[Crawled caption data]
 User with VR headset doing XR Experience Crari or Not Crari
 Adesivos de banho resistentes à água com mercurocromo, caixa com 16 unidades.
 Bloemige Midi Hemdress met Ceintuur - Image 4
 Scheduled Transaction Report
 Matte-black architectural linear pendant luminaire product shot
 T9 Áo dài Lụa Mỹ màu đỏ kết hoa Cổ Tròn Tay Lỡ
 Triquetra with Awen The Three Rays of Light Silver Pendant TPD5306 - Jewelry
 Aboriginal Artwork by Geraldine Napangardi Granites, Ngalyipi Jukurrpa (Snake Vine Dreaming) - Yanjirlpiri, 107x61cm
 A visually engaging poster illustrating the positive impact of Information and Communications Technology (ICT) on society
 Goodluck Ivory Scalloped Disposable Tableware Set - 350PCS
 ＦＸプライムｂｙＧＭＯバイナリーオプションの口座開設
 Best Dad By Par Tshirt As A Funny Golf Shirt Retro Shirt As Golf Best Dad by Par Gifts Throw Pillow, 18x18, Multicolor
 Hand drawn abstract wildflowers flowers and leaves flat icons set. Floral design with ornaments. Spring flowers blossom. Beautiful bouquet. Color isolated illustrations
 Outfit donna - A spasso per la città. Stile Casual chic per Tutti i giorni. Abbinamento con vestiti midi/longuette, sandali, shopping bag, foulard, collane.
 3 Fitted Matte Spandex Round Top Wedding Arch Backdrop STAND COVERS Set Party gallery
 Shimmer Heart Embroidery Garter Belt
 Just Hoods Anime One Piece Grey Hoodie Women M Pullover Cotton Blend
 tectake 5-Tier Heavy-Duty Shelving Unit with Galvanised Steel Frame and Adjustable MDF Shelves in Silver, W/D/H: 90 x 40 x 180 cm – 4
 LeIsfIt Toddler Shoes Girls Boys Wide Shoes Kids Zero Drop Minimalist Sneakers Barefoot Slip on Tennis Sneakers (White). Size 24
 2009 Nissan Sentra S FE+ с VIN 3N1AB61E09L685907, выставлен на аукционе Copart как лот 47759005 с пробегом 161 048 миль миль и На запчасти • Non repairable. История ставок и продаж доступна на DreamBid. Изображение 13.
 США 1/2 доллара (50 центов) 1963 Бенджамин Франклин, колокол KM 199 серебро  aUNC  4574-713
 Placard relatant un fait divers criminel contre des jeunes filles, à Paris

• **Exercise aim**
Starting from the first line above, copy the data through to the last line exactly.

• **Reply to the exercise**
 User with VR headset doing XR Experience Crari or Not Crari
 Adesivos de banho resistentes à água com mercurocromo, caixa com 16 unidades.
 Bloemige Midi Hemdress met Ceintuur - Image 4
 Scheduled Transaction Report
 Matte-black architectural linear pendant luminaire product shot
 T9 Áo dài Lụa Mỹ màu đỏ kết hoa Cổ Tròn Tay Lỡ
 Triquetra with Awen The Three Rays of Light Silver Pendant TPD5306 - Jewelry
 Aboriginal Artwork by Geraldine Napangardi Granites, Ngalyipi Jukurrpa (Snake Vine Dreaming) - Yanjirlpiri, 107x61cm
 A visually engaging poster illustrating the positive impact of Information and Communications Technology (ICT) on society
 Goodluck Ivory Scalloped Disposable Tableware Set - 350PCS
 ＦＸプライムｂｙＧＭＯバイナリーオプションの口座開設
 Best Dad By Par Tshirt As A Funny Golf Shirt Retro Shirt As Golf Best Dad by Par Gifts Throw Pillow, 18x18, Multicolor
 Hand drawn abstract wildflowers flowers and leaves flat icons set. Floral design with ornaments. Spring flowers blossom. Beautiful bouquet. Color isolated illustrations
 Outfit donna - A spasso per la città. Stile Casual chic per Tutti i giorni. Abbinamento con vestiti midi/longuette, sandali, shopping bag, foulard, collane.
 3 Fitted Matte Spandex Round Top Wedding Arch Backdrop STAND COVERS Set Party gallery
 Shimmer Heart Embroidery Garter Belt
 Just Hoods Anime One Piece Grey Hoodie Women M Pullover Cotton Blend
 tectake 5-Tier Heavy-Duty Shelving Unit with Galvanised Steel Frame and Adjustable MDF Shelves in Silver, W/D/H: 90 x 40 x 180 cm – 4
 LeIsfIt Toddler Shoes Girls Boys Wide Shoes Kids Zero Drop Minimalist Sneakers Barefoot Slip on Tennis Sneakers (White). Size 24
 2009 Nissan Sentra S FE+ с VIN 3N1AB61E09L685907, выставлен на аукционе Copart как лот 47759005 с пробегом 161 048 миль миль и На запчасти • Non repairable. История ставок и продаж доступна на DreamBid. Изображение 13.
 США 1/2 доллара (50 центов) 1963 Бенджамин Франклин, колокол KM 199 серебро  aUNC  4574-713
 Placard relatant un fait divers criminel contre des jeunes filles, à Paris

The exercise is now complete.